A National Scenic Byway is a road recognized by the United States Department of Transportation for one or more of six "intrinsic qualities": archeological, cultural, historic, natural, recreational, and scenic. The program was established by Congress in 1991 to preserve and protect the nation's scenic but often less-traveled roads and promote tourism and economic development. The National Scenic Byways Program (NSBP) is administered by the Federal Highway Administration (FHWA).

The most scenic byways are designated All-American Roads, which must meet two out of the six intrinsic qualities. The designation means they have features that do not exist elsewhere in the United States and are unique and important enough to be tourist destinations unto themselves. As of January 21, 2021, there are 184 National Scenic Byways located in 48 states (all except Hawaii and Texas).

History
The NSBP was established under the Intermodal Surface Transportation Efficiency Act of 1991, which provided $74.3 million in discretionary grants. On May 18, 1995, FHWA specified the intrinsic qualities that would serve as criteria for designating road as National Scenic Byways or All-American Roads. In September U.S. Transportation Secretary Federico Peña announced the first 14 National Scenic Byways and six All-American Roads. On June 9, 1998, the Transportation Equity Act for the 21st Century (TEA-21) provided $148 million to states so they could develop state roads to take advantage of the program.

On August 10, 2005, President George W. Bush signed the Safe, Accountable, Flexible, Efficient Transportation Equity Act: A Legacy for Users (SAFETEA-LU), which provided $175 million to states and Indian tribes. On October 16, 2009, U.S. Transportation Secretary Ray LaHood designated 37 new roads as National Scenic Byways and five new All-American Roads. The U.S. Department of Transportation approved the designation on January 19, 2021, of 34 new roads as National Scenic Byways, in addition to 15 new All-American Roads.

Requirements
National Scenic Byways go through a nomination procedure. They must already be designated state scenic byways to be nominated (However, roads that meet all criteria for national designation but not state designation may be considered for national designation on a case-by-case basis).

Intrinsic qualities
For designation as a National Scenic Byway a road must have one of six intrinsic qualities. To be designated an All-American Road, a road must have at least two of the six qualities.

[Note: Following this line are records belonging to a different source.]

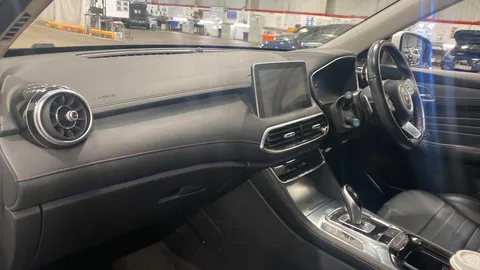 Mg Motor Uk               Hs 1.5 T-GDI Exclusive DCT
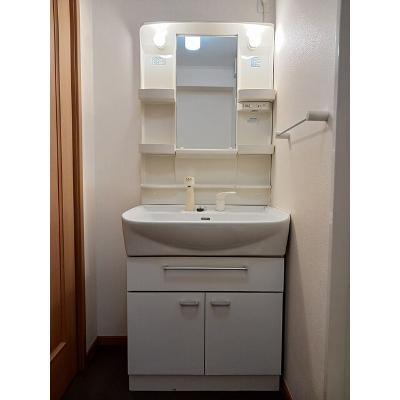 apartment 〒108-0075　東京都港区港南２丁目16-1
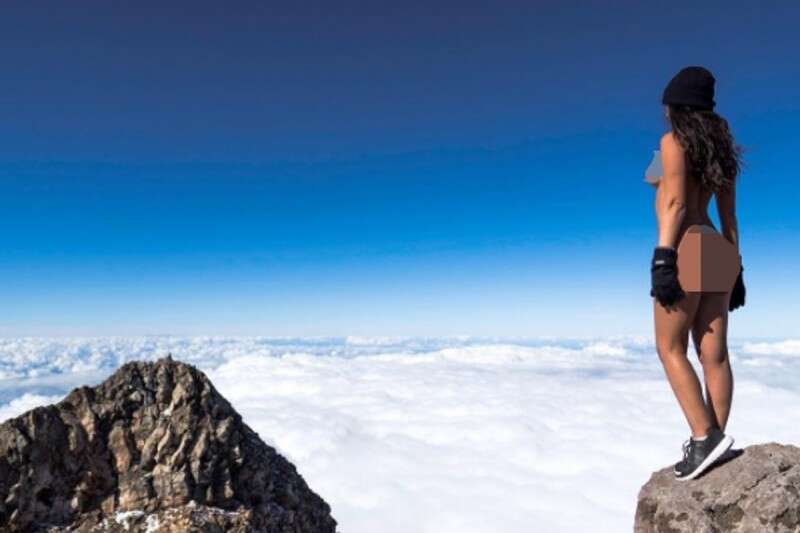 התמונה שעוררה סערה על ראשו של ההר הקדוש // צילום: אינסטגרם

Scenic quality is the heightened visual experience derived from the view of natural and manmade elements of the visual environment of the scenic byway corridor. The characteristics of the landscape are strikingly distinct and offer a pleasing and most memorable visual experience.
Natural quality applies to those features in the visual environment that are in a relatively undisturbed state. These features predate the arrival of human populations and may include geological formations, fossils, landform, water bodies, vegetation, and wildlife. There may be evidence of human activity, but the natural features reveal minimal disturbances.
Historic quality encompasses legacies of the past that are distinctly associated with physical elements of the landscape, whether natural or manmade, that are of such historic significance that they educate the viewer and stir an appreciation for the past. The historic elements reflect the actions of people and may include buildings, settlement patterns, and other examples of human activity.
Cultural quality is evidence and expressions of the customs or traditions of a distinct group of people. Cultural features include, but are not limited to, crafts, music, dance, rituals, festivals, speech, food, special events, or vernacular architecture.
Archeological quality involves those characteristics of the scenic byways corridor that are physical evidence of historic or prehistoric human life or activity. The scenic byway corridor's archeological interest, as identified through ruins, artifacts, structural remains, and other physical evidence have scientific significance that educate the viewer and stir an appreciation for the past.
Recreational quality involves outdoor recreational activities directly associated with and dependent upon the natural and cultural elements of the corridor's landscape. The recreational activities provide opportunities for active and passive recreational experiences. They include, but are not limited to, downhill skiing, rafting, boating, fishing, and hiking. Driving the road itself may qualify as a pleasurable recreational experience. The recreational activities may be seasonal, but the quality and importance of the recreational activities as seasonal operations must be well recognized.

Corridor management plans
A corridor management plan must also be developed, with community involvement, and the plan "should provide for the conservation and enhancement of the byway's intrinsic qualities as well as the promotion of tourism and economic development". The plan includes, but is not limited to:

A map identifying the corridor boundaries and the location of intrinsic qualities and different land uses within the corridor.
A strategy for maintaining and enhancing those intrinsic qualities.
A strategy describing how existing development might be enhanced and new development might be accommodated while still preserving the intrinsic qualities of the corridor.
A general review of the road's or highway's safety and accident record to identify any correctable faults in highway design, maintenance, or operations.
A signage plan that demonstrates how the State will insure and make the number and placement of signs more supportive of the visitor experience.
A narrative describing how the National Scenic Byway will be positioned for marketing.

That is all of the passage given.